Halkın yüzde 92 oyu ile yürürlüğe giren “Darbe Anayasası” olarak
nitelendirilen 1982 Anayasası’nda 1987 yılından başlamak üzere
bugüne kadar 112 maddesi değiştirildi. Bunun içinde aynı maddenin
üç-dört kez değişeni de bulunuyor. 1995’te 15 madde, 2001 yılında
33 maddede yapılan değişikliklerle demokratik değişim ve dönüşüm
1995-2001 yıllarında koalisyon hükümetleri döneminde
gerçekleştirilmiş oldu. 2004’te CHP’nin de desteğiyle AB uyum
yasaları çerçevesinde 10 madde değişti. 2010’de da 26 maddelik
değişikliğin amacı Hakimler ve Savcılar Yüksek Kurulu’nun (HSYK)
yapısın değiştirmekti.
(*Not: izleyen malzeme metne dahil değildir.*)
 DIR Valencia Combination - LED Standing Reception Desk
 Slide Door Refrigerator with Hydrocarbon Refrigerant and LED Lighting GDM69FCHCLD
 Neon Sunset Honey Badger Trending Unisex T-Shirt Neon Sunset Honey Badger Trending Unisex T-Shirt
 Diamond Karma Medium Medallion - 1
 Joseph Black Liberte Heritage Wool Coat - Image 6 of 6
Tüm kavga bunun üzerineydi.
TBMM’de grubu bulunan 4 siyasi partinin temsilcilerinden 2011
yılının Ekim ayında “Anayasa Uzlaşma Komisyonu” kurulmuştu.
Komisyon çalışmaları devam ederken dönemin TBMM Başkanı Cemil Çiçek
imzasıyla 4 siyasi partinin genel başkanına gönderilen 9 Temmuz
2013 tarihli yazı ve ekinde yer alan klasörü incelediğimizde ortaya
çıkan tablo şöyle:
- Ağırlıklı olarak temel hak ve özgürlükler, sosyal haklar, yasama
ve yargıyla ilgili 60 maddede değişiklik yapılması için AKP, CHP,
MHP ve BDP mutabık kaldı.
- 60 maddenin dışında ikinci bir klasörde CHP, MHP ve BDP’nin
önerdiği 23 madde var. Bu 23 maddenin 20’sinde CHP, MHP ve BDP
mutabık. Ancak, AKP bunların tümüne karşı.
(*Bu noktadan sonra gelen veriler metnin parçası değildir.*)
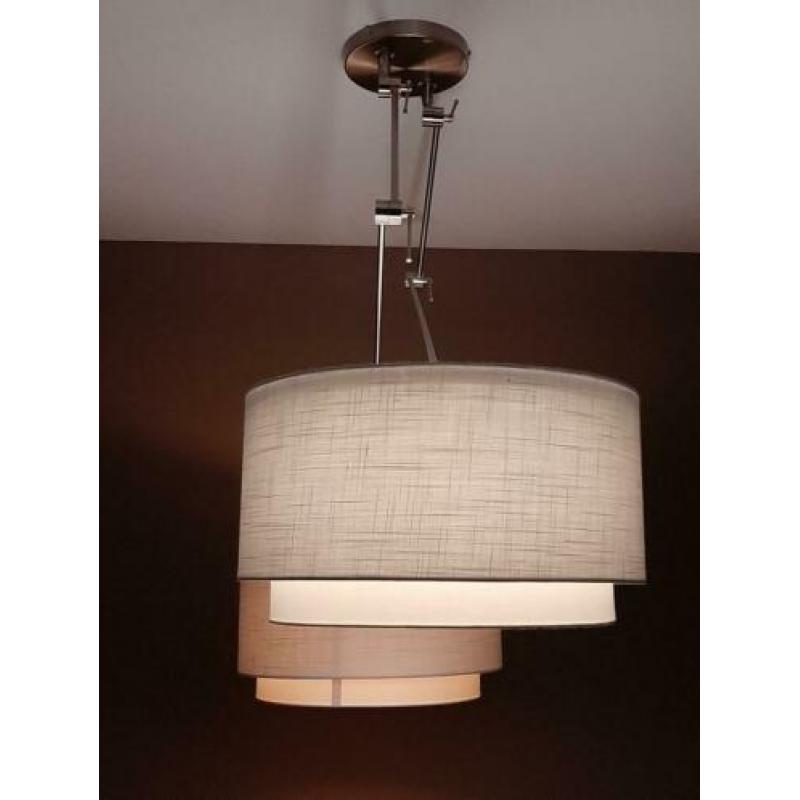 hanglamp met dubbele kappen - armatuur is van staal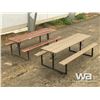 Image 1 : (2) KIDS PICNIC TABLES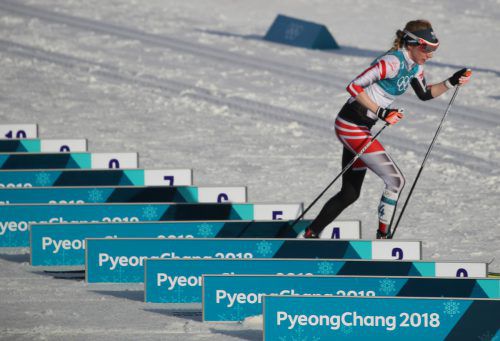 Teresa Stadlober verlor die Orientierung und so am Ende auch eine Olympiamedaille. Gepa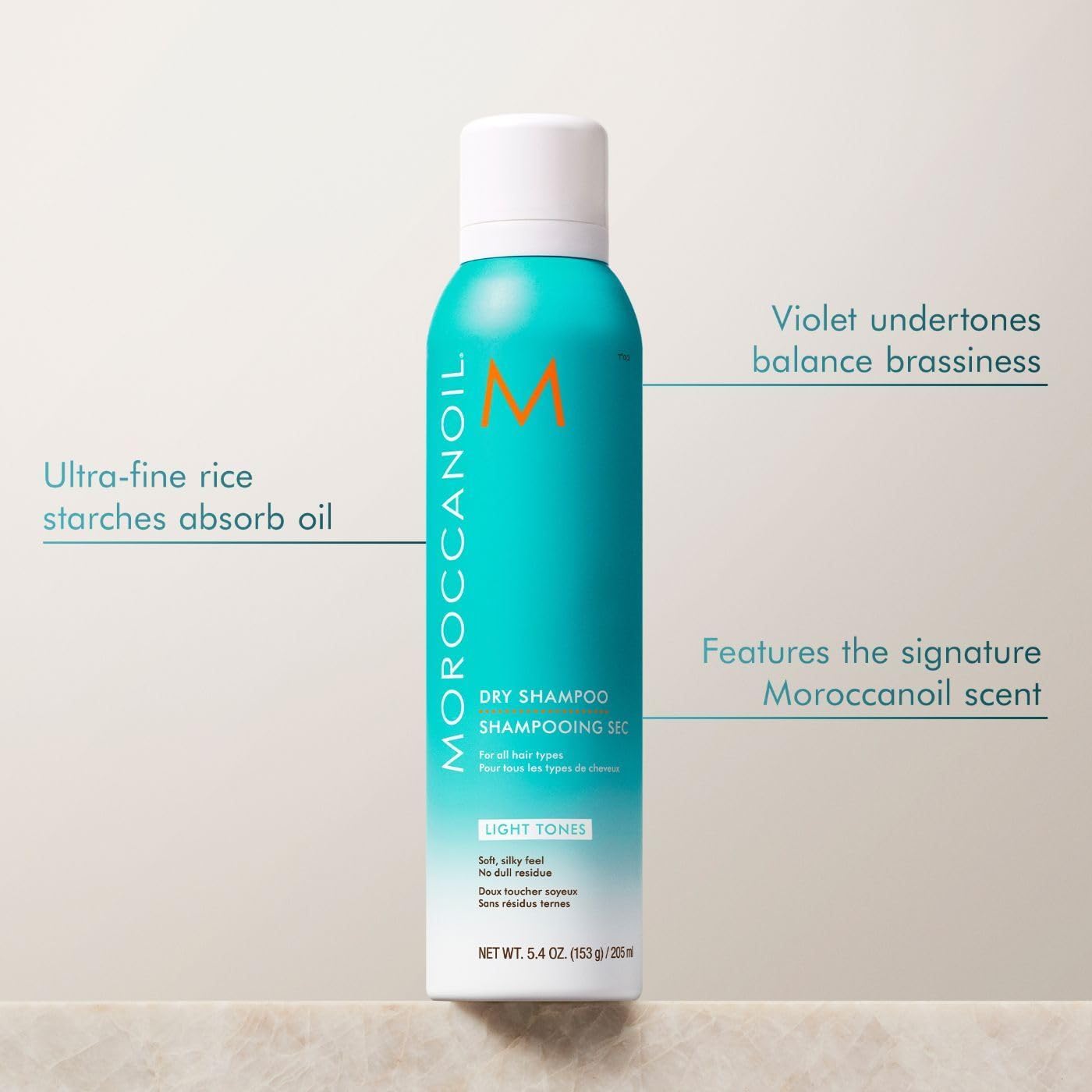 Moroccanoil Dry Shampoo Light Tones - 5.4oz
- Üç partinin mutabakatı olan 27 maddenin 19 maddesinde AKP
temsilcilerinin karşı oy yazıları var.
- AKP dışındakilerin mutabık kaldığı toplam 99 madde var. Bunlar,
parlamenter sistemin işlerliğini sağlayan, yasama denetimini etkili
hale getiren, kuvvetler ayrılığını inşa eden, yasamanın yürütmeye
bağımlı olmasını engelleyen nitelikteki maddeler.
Ortaya çıkan tabloyu, Cemil Çiçek siyasi partilerin genel
başkanlarına bildirdiğinde CHP, MHP ve BDP genel başkanları uzlaşma
komisyonunun çalışmalarını sürdürmesi yönünde görüş bildirdi. Ancak
dönemin AKP Genel Başkanı Recep Tayyip Erdoğan, TBMM Başkanlığı’na
tam 40 gün hiç cevap verme gereği bile duymadı. AKP’nin
temsilcileri de bu süreçte Uzlaşma Komisyonu toplantılarına
katılmadı.
Yaklaşık iki yıl süren komisyon toplantıları zaman zaman gerilimli
geçti. Masa devrildi, sonuçta AKP temsilcileri baktı ki diğer
siyasi partiler arasında demokratikleşme, parlamenter sistemin
inşası konusunda uzlaşma sağlanıyor, hemen “başkanlık sistemini”
gündeme getirip çalışmaları kilitledi. AKP temsilcileri
dışındakiler üç kez daha toplandı. Tutanak tutuldu. Şimdi, AKP
yeniden Uzlaşma Komisyonu kurulmasını istiyor.